Silicon Valley is the heart of global innovation and has contributed mightily to progress made thus far in reducing California’s greenhouse emissions. The state on track to achieving the economy-wide carbon target for 2020 established in AB 32 (California’s Global Warming Solutions Act, 2006). California’s leadership has also provided much needed momentum to international efforts to manage greenhouse gas emissions.

The state is a shining example of the decoupling of economic growth and environmental progress. Declining emissions and enviable growth rates, including job growth at twice the national average, disprove the notion that these two must be in opposition. California’s clean energy sector already supports 500,000 jobs, and the state is supporting the emergence of the clean energy giants of the 21st century.

The state’s policy approaches and its clean technologies are being adopted around the globe, providing new hope that we can leave our children with a safe climate. Yet even more innovation is needed to get to the near zero levels required by mid-century. For Silicon Valley, this is a classic opportunity to do well by doing good.

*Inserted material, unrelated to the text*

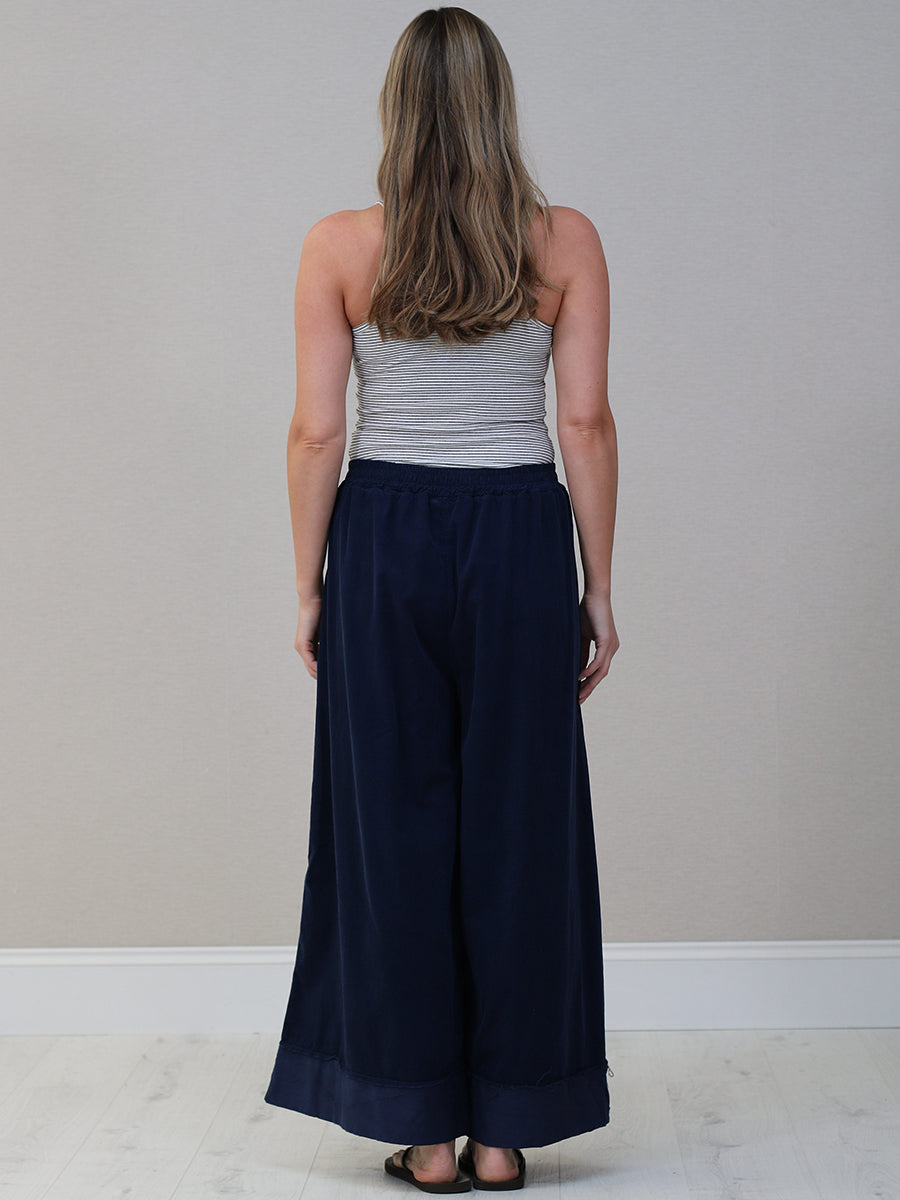Plain Cotton Corduroy Wide Leg Trouser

Marc has been a leader on the Palo Alto City Council to make the city one of the greenest in the country, including:

  • Working with leaders from Palo Alto’s environmental and faith-based communities, Marc led the effort on Council to pass a resolution requesting that CalPERS divest from fossil fuel companies.
  • Marc voted to approve a Carbon Neutral Electric Resource Plan, committing Palo Alto to using 100% carbon neutral electric resources. During Marc’s time on the City Council, Palo Alto has moved aggressively to approve large solar power purchase agreements at very good rates, and the city is on track to achieve a 57% Renewable Portfolio Standard by 2017 at rates that will be cheaper than PG&E (the electricity provider to most of the cities in the 24th Assembly District).
  • After voting to remove carbon from Palo Alto’s electricity portfolio, Marc is leading the effort to encourage residents to transition away from natural gas appliances toward those powered by the city’s clean energy. Natural gas is almost as harmful to the environment as coal because of the methane released during extraction and delivery.

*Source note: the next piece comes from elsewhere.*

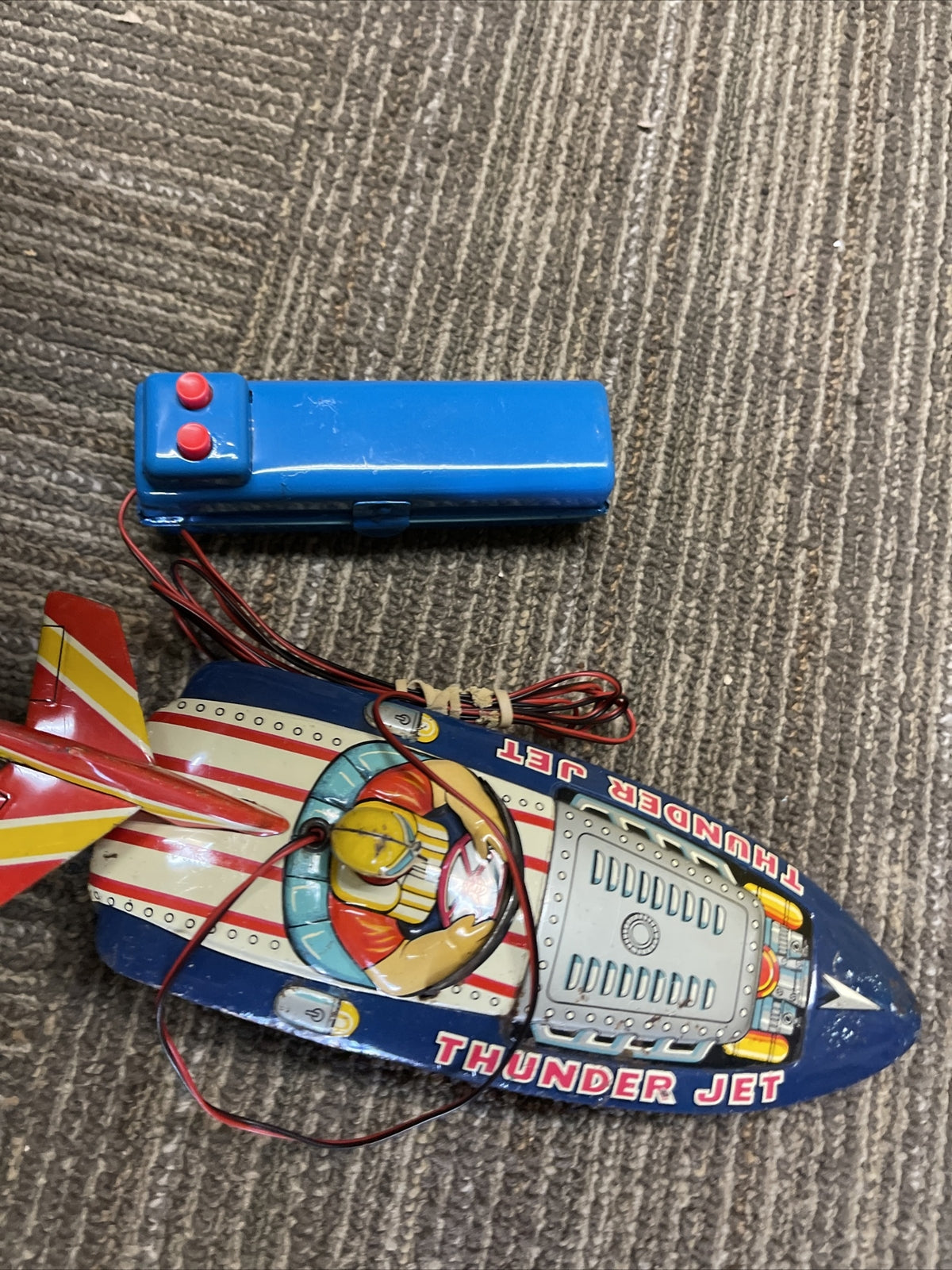 1950's THUNDER JET B-373 hydroplane racing speed Boat Japan tin litho0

With no sign to the end of gridlock in Washington, California’s vision, energy, and can-do attitude is needed anew. Now is the time to finish putting in place California climate policy version 2.0. Innovation requires long term market certainty to flourish, which is why policymakers have focused in recent years on putting together a package of 2030 policies. Last year, California’s SB 350 solidified a 50 percent renewable electricity standard for utilities. The adoption in 2016 of SB 32 and AB 197 are important new milestones, but much work remains to be done. Marc is eager to push forward the practical solutions needed in four key areas:

  • Revamp Zero Emission Vehicle (ZEV) efforts to put the state on track to achieve existing ambitious targets (1.5 million in 2025). NRDC recently assessed the state’s plan and finds the state’s current trajectory puts it on track to be about 500,00 vehicles short of its 2025 goal. The state needs to re-evaluate and optimize the package of consumer incentives, the zero emission vehicle regulation meant to incent manufacturers to bring more ZEVs to market, and the policies being put in place to ensure broad benefits, such as low income ZEV car sharing programs that have been successful in their pilot phase.

  • Upgrade electricity policy to better support system optimization. The modern grid must balance supply and demand, and utility regulation has to support this. Performance based regulatory reform can help. Californians invested millions on smart meters and there are opportunities for better use of the data these provide, such as smarter, more targeted energy efficiency efforts.

  • Solidify early progress toward smart growth in policy to help build more walkable communities, mixed use development and 21st century mobility solutions. Increasingly this is a point of importance in attracting top talent. Nothing is more important to innovation than human capital. San Francisco has exceeded Silicon Valley in recent years in attracting venture capital in part because of its walkable, transit-oriented neighborhoods.

  • Ensure the clean economy works for everyone. While the majority of social equity concerns will be best addressed through education, job training, and an effective social safety net, measures to ensure lower income residents are not negatively impacted are the right thing to do. California has already been a leader with SB 535 and myriad new efforts, from community solar to low income EV car sharing in Los Angeles supported with a $1.6 million grant from the state’s Greenhouse Gas Reduction fund. Still more can be done.